Task to carry out | Reproduce what is written in the records below exactly, and leave out the images.

Extracted records |
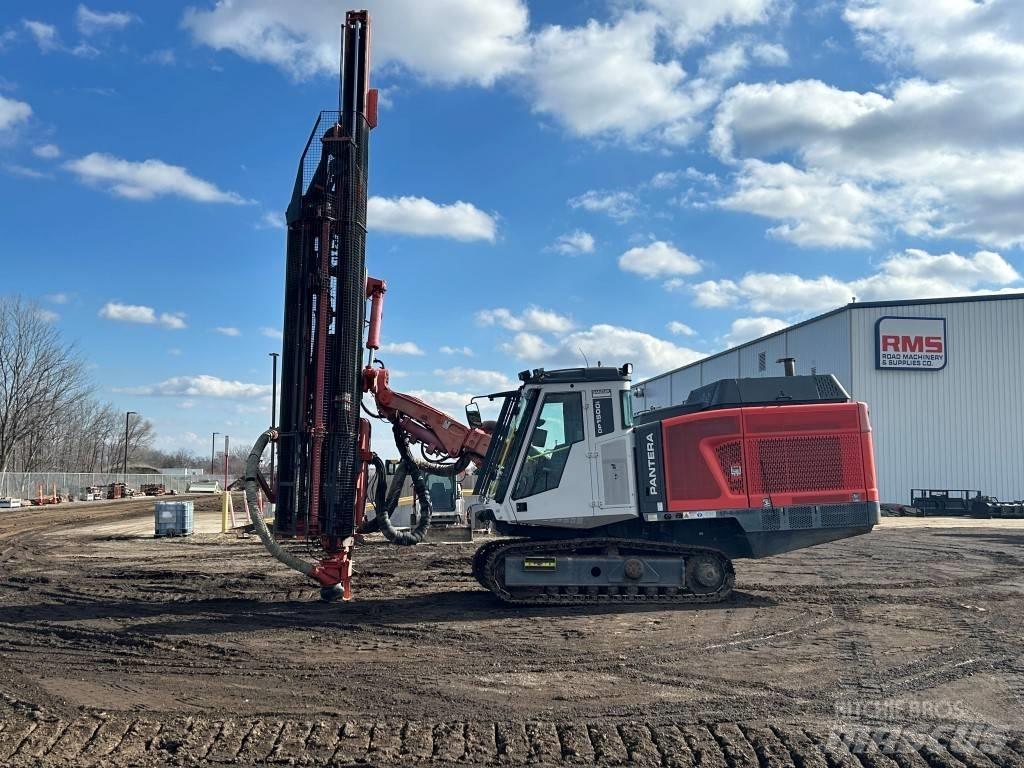 Sandvik DP 1500i T4F Povrchové vrtací stroje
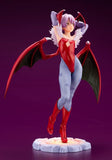 Kotobukiya DARKSTALKERS Lilith BISHOUJO Statue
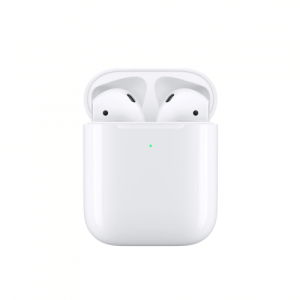 Apple AirPods 2 met draadloze oplaadcase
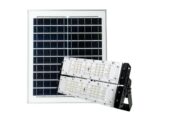 Solar powered Stadium light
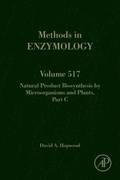 Natural Product Biosynthesis by Microorganisms and Plants Part C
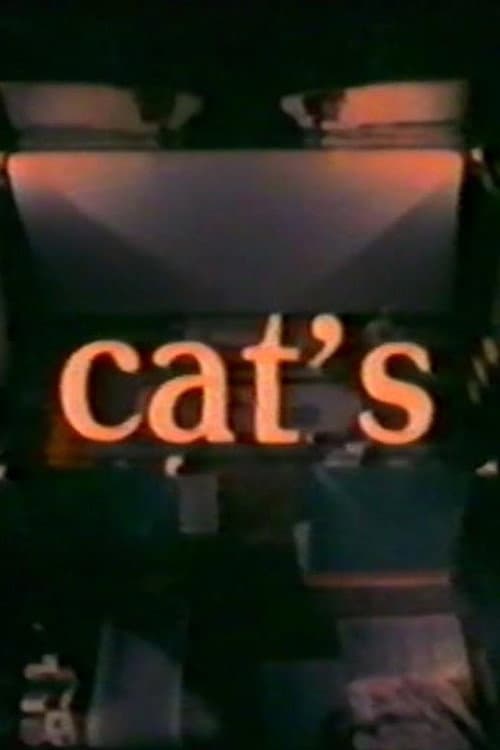 Cat's (1986) poster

Task result |
 Sandvik DP 1500i T4F Povrchové vrtací stroje
 Kotobukiya DARKSTALKERS Lilith BISHOUJO Statue
 Apple AirPods 2 met draadloze oplaadcase
 Solar powered Stadium light
 Natural Product Biosynthesis by Microorganisms and Plants Part C
 Cat's (1986) poster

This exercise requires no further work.